Europe Settles AIB Debate
Europe largely has resolved complex disputes over relationships between the European Aviation Safety Agency (EASA) and the region’s AIBs, said John Vincent, deputy director for strategic safety, EASA. How to aggregate and use the region’s newest data source, airlines’ voluntary safety reporting systems, is still under discussion.
“We had a long period of debate as to what EASA’s role was in relation to accident investigation,” Vincent said. “We hope that’s resolved now because we have … Regulation 996,1 which came into being in 2010 and establishes in European law the position that EASA has relative to the air accident investigators.

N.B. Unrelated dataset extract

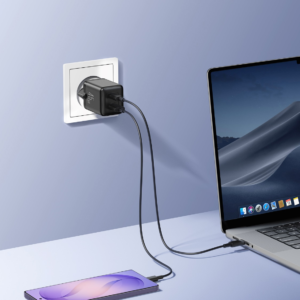 JOYROOM JR-TG8 45W dual ports GaN fast charger with USB-A and Type-C output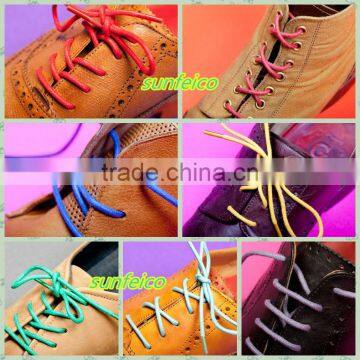 2.5mm Round Waxed Shoelaces~Men's Dress Shoelaces~Violet Cotton Waxed Rope Shoelaces~Waxed Boot Shoelaces~Sneaker Shoelaces photo-6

I’m very glad to say that we work together [with AIBs and CAAs] as a team, the objective being the continuous improvement of aviation safety. It’s taken some time to build and develop that relationship; in some quarters, it’s still growing and developing and maturing.” A high level of interaction and interdependency, including for data uses, is expected, he said. In 2012, EASA also began a process under Regulation 996 to establish one central European database for AIB and CAA safety recommendations.
In Brazil, after a period of SMS-related adjustments to their relationship, the AIB —Centro de Investigação e Prevenção de Acidentes (CENIPA) — and the CAA have begun a new phase in which CENIPA is the national center for SMS training and also sees opportunities to pursue predictive data analysis, said Col. Fernando Camargo, former deputy chief of CENIPA. He described the adjustments as a positive step in resolving difficulties of interagency cooperation during investigations and in CAA acceptance of its safety recommendations.
Expectations of ICAO’s Universal Safety Oversight Audit Program also have motivated sharing of one database by the CAA and CENIPA for information such as final reports of accident/incident investigations and voluntary non-punitive reports from airline personnel, Camargo said.
U.K. Iterative Investigations
Philip Sleight, principal inspector, U.K. Air Accidents Investigation Branch (AAIB), asked, “What is the goal of … a no-blame accident investigation? I would say actually the goal is to identify the safety issues early so that actions can take place to prevent recurrence.” The agency’s holistic model — essentially, iterative methods and free-flowing, cross-domain communication among individuals and groups participating in an investigation — has proved to be consistent with this goal, effective for safety mitigations prior to issuance of an accident report, and compatible with current proactive/predictive concepts of safety data analysis, he said.
Yet one challenge AAIB has recognized is that, whatever proactive/predictive initiatives may be desirable, the data demands of accident investigations alone become extremely difficult as complexity of aircraft and methods continue to increase. “Certainly at the AAIB, we would actually struggle with storing all of this information [and] in such a way that it is easily retrieved,” Sleight said. “As we were doing the investigation of the [British Airways Boeing 777 runway-undershoot accident www.aaib.gov.uk/cms_resources.cfm?file=/1-2010%20G-YMMM.pdf] at Heathrow — with vast amounts of information that were coming in at a very rapid rate — we were still exploring solutions to enable all parties to the investigation to have secure access to the information, but also in a timely manner without compromising confidentiality.”
- The title is Regulation (EU) No 996/2010 of the European Parliament and of the Council of 20 October 2010 on the investigation and prevention of accidents and incidents in civil aviation and repealing Directive 94/56/EC.